Dataset section ->
------

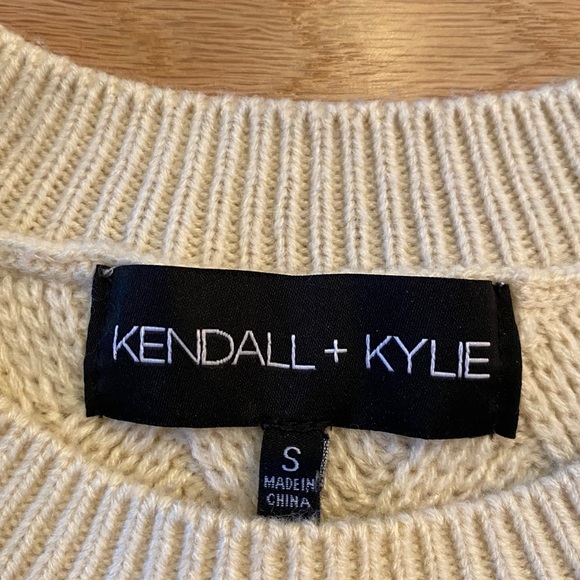 Kendall & Kylie Womens Cream Crew Neck Sweated with a Basketweave Pattern/Size S - Picture 4 of 10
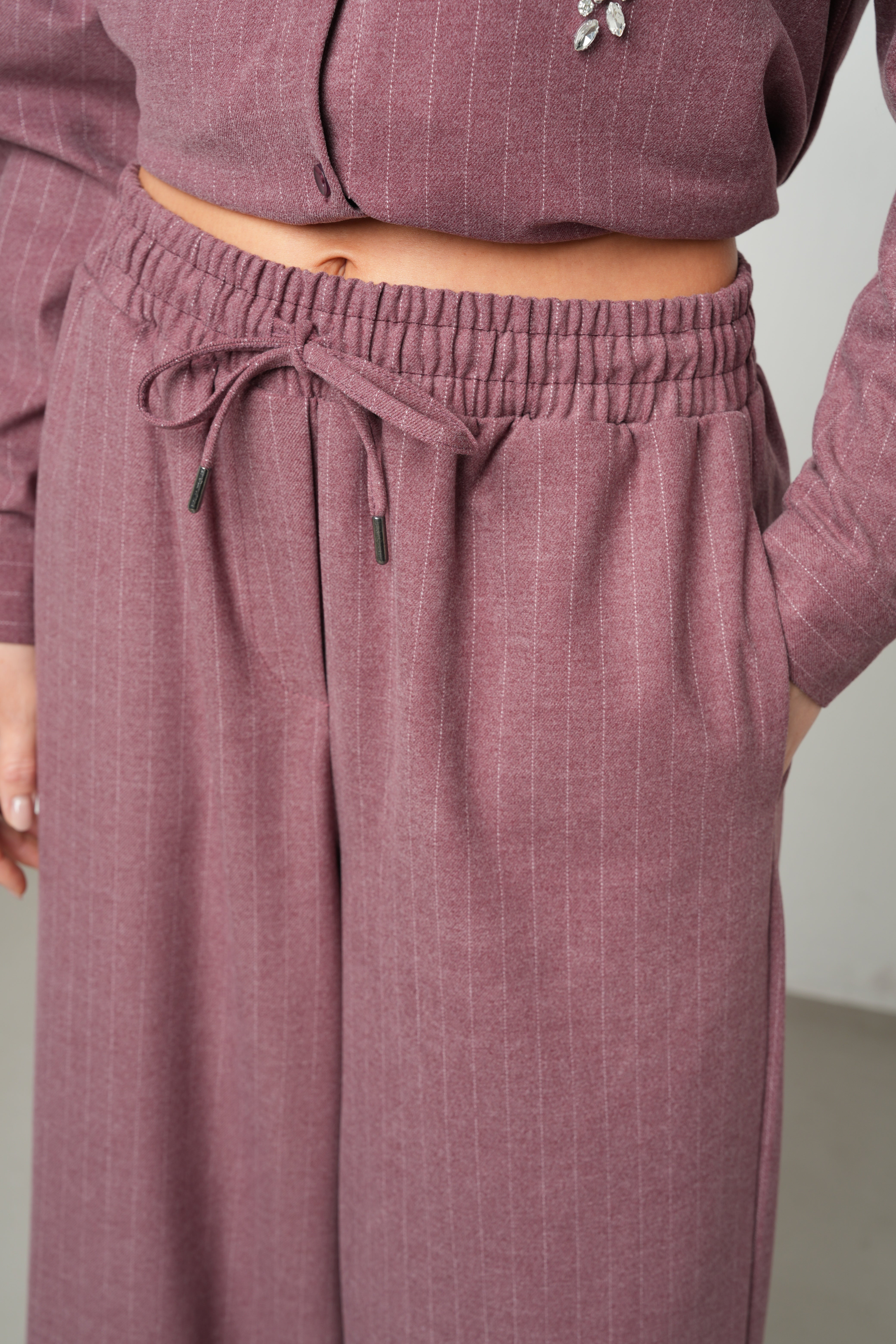 Beli lastikli çizgili bol paça kadın pantolon – toptan satış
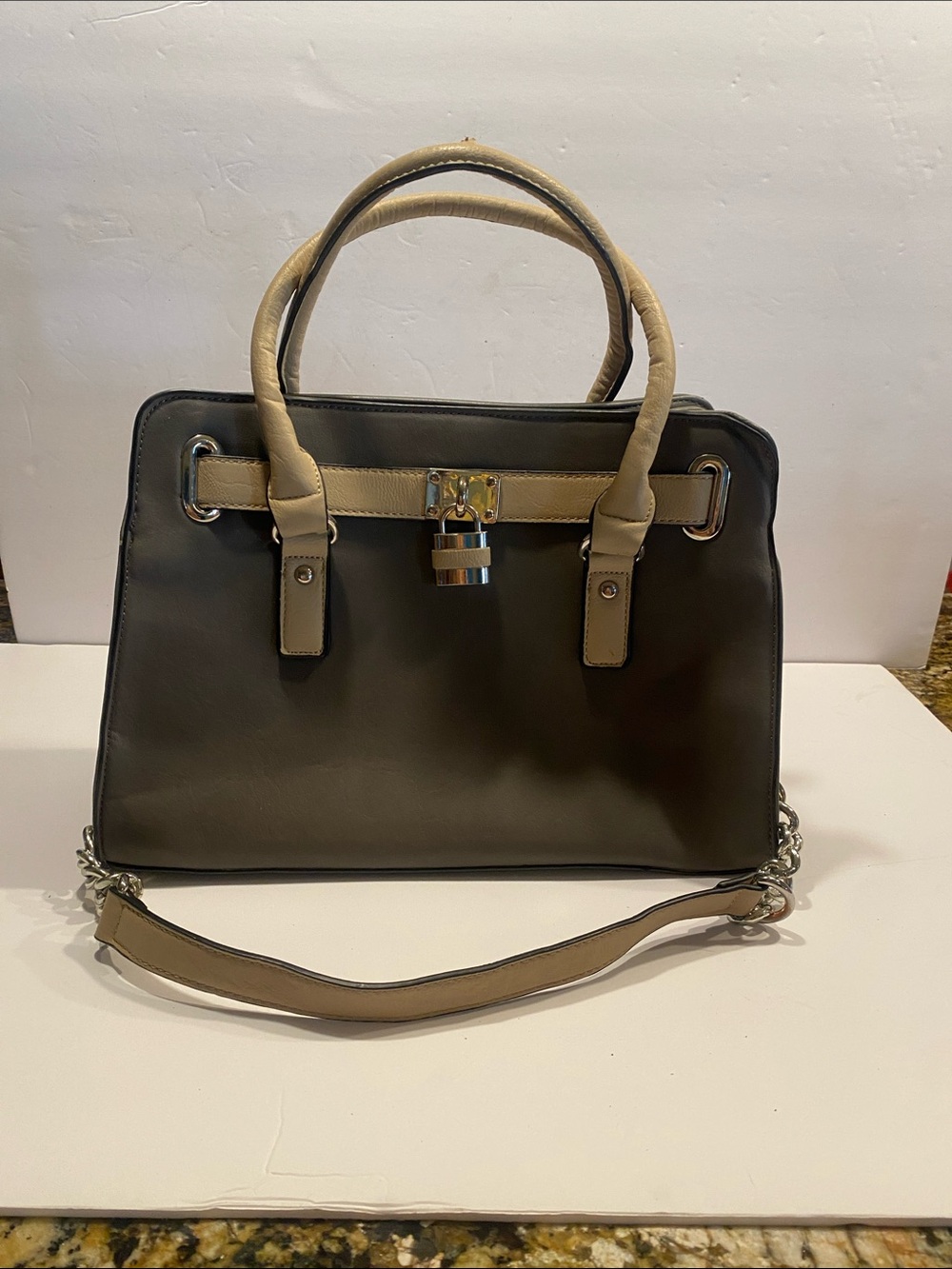 Classic Structured Tote Bag in Olive Green and Taupe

------

Repeat the line containing "Beli lastikli çizgili" and every line after it up to the end of the material above, exactly as they stand, minus the pictures.

Response area ->
 Beli lastikli çizgili bol paça kadın pantolon – toptan satış
 Classic Structured Tote Bag in Olive Green and Taupe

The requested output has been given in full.